Topic category: Other/General
Duke Students Finally Vindicated
After thirteen months of being forced to hang and wave in the winds of North Carolina’s Durham County prosecutorial misconduct, Duke University students and Lacrosse players Reid Seligman, Collin Finnerty and former student Dave Evans have finally been completely vindicated of the false rape and other charges levied against them. Last year, when this bogus case began, there were only a handful of commentators (including yours truly) who appeared to understand that this case was brought to the public by a political hack prosecutor—Mike Nifong—in order to gain election as Durham County District Attorney. Although Nifong had functioned as Durham’s District Attorney since April 2005, he was a political appointment of NC Democrat Governor Mike Easley—after former Durham DA Dan Edwards had resigned. So, 2006 was the first time that Nifong actually had to run for office. And, run he did—on a platform that included the prurient and false charges of ‘rape committed by white guys against an innocent black stripper’ and trumped-up racist-engendered emotions designed to garner Durham’s black voting bloc. His ploy worked and Nifong was successful in his bid for continued prosecutorial power. However, even before this patently rogue prosecutor inveigled a North Carolina Grand Jury to hand down indictments against the Duke students, trouble was a-brewin’.

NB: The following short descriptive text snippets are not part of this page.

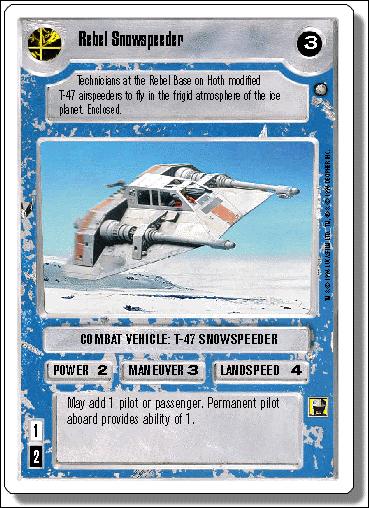 Star Wars: The Empire Strikes Back Introductory Two-Player Game (Base Set) card 7 Rebel Snowspeeder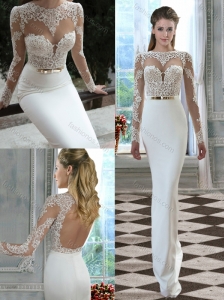 See Through Column Bateau Lace Open Back Wedding Dress with Long Sleeves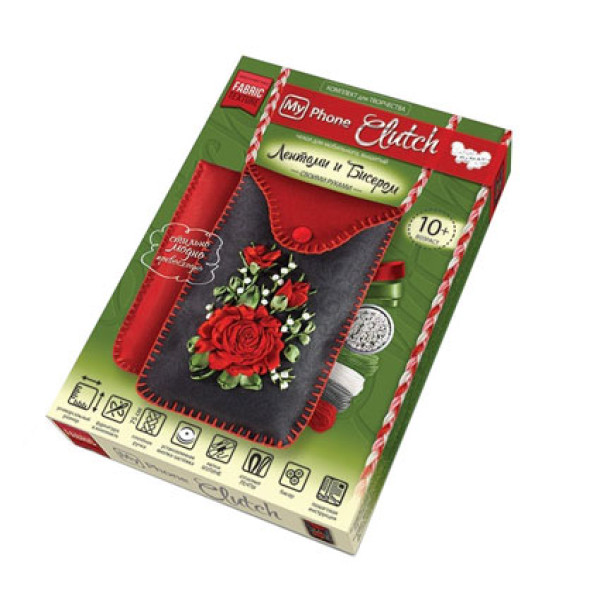 Вишивка стрічками My Phone Clutch "Троянди" "Троянди" DankoToys 5581 02 Вишивка стрічками My Phone Clutch "Троянди" "Троянди" DankoToys 5581 02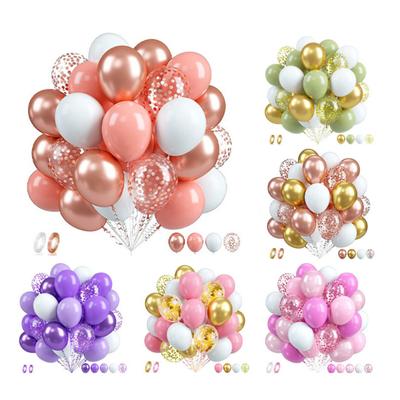 60Pcs Party Balloons 12 Inch Metallic Latex Confetti Balloons with Ribbon for Birthday Party Baby Shower Wedding Decoration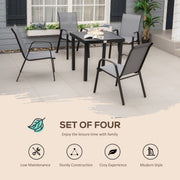 Outsunny Set of 4 Garden Dining Chair Set Stackable Outdoor Patio Furniture Set with Backrest and Armrest, Dark Grey Outsunny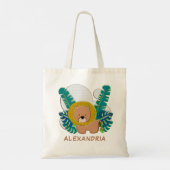 Cute Baby Lion Animal Oerwoud Fun Personaliseren Tote Bag (Achterkant)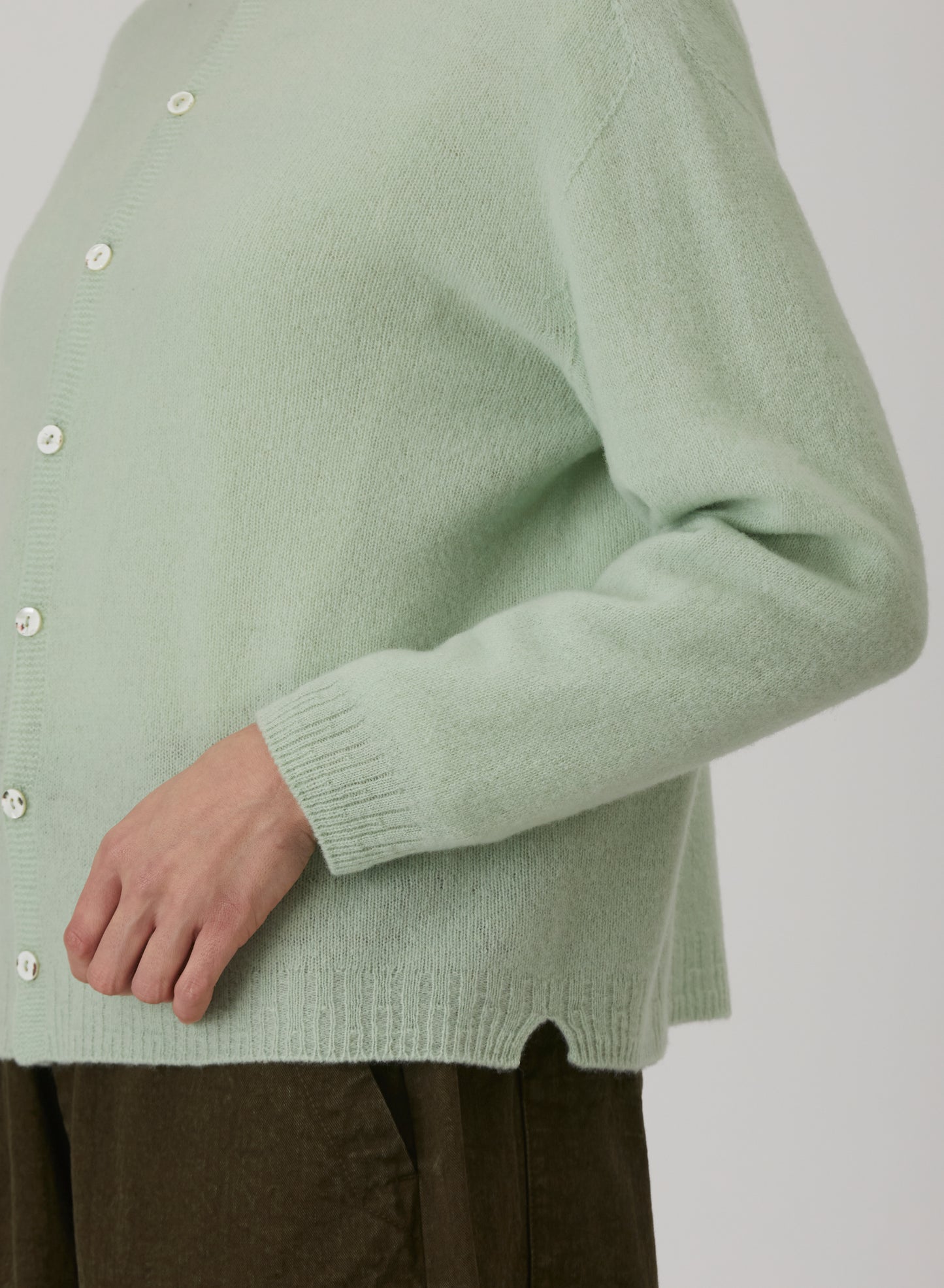 Pas De Calais Fine Wool Crewneck Cardigan Rosemary-Pas De Calais-Thistle Hill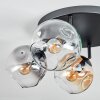Ripoll ceiling light, globe light Amber, clear, Smoke-coloured, 4-light sources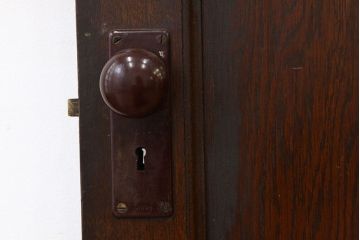 アンティーク　重厚なダイヤガラス入りドア(扉、建具)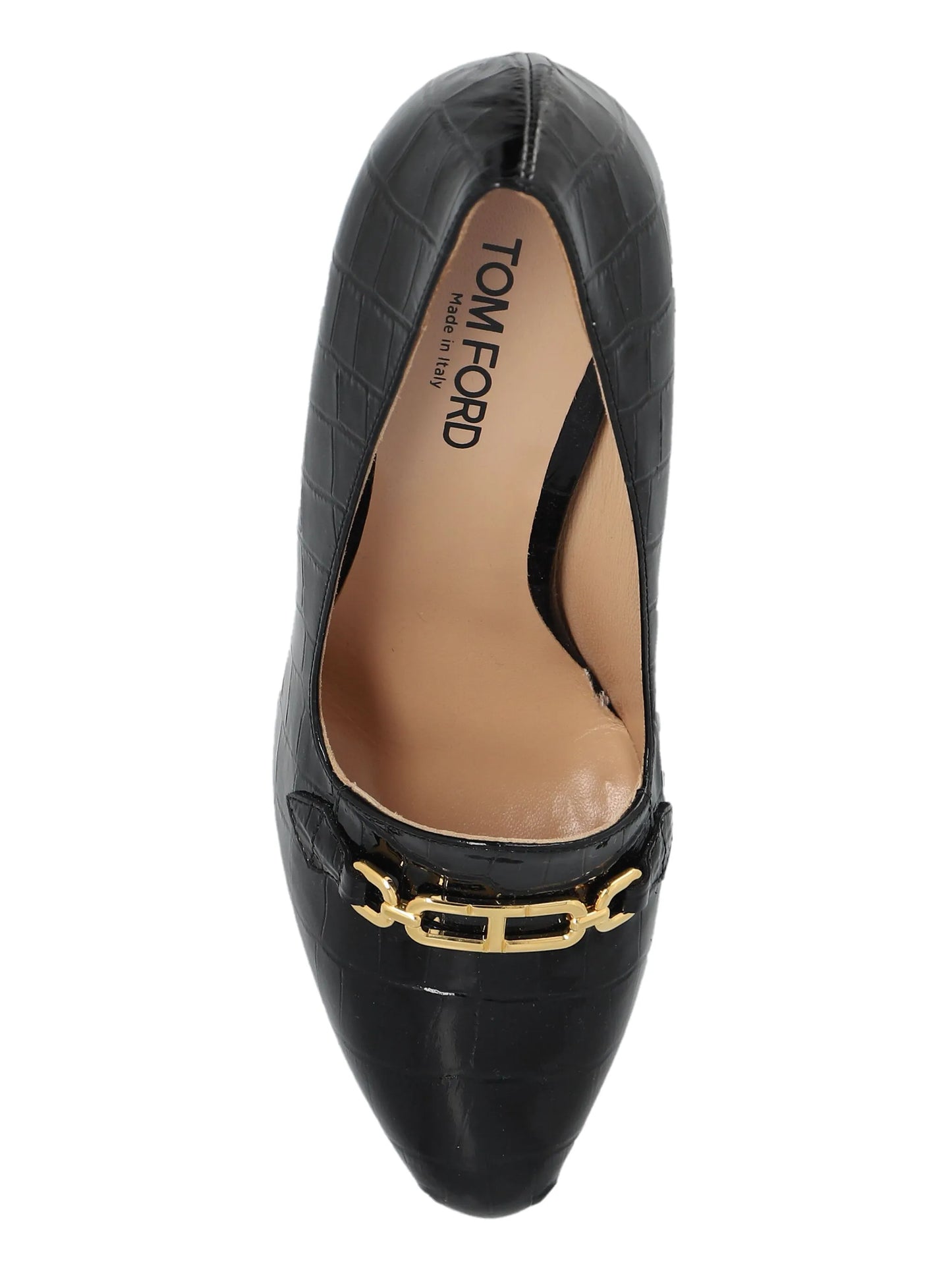 135mm Whitney shiny croc-embossed leather platform pumps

On 10 April 2006, the NC State Crime Lab delivered the DNA results for forty-six members of the Duke Lacrosse team to DA Nifong. The results showed that none of these Duke students’ DNA appeared on or in the person of accuser Crystal Gail Mangum. Was it at this point, or at some point prior to the results being delivered, that Nifong saw both his case against the Duke students and his chances of winning the district attorney position slipping away? No one except Mr. Nifong can, currently, answer that question. But, we do know that if Nifong affected his required legal obligation of presenting this evidence that would exonerate the students he, quite possibly, would not win his election. Instead, he still went before the grand jury—also clandestinely withholding the exculpatory evidence from them—in order to gain prosecutions against the students. The jury, then, handed down its indictments against Reid Seligman and Collin Finnerty on 17 April.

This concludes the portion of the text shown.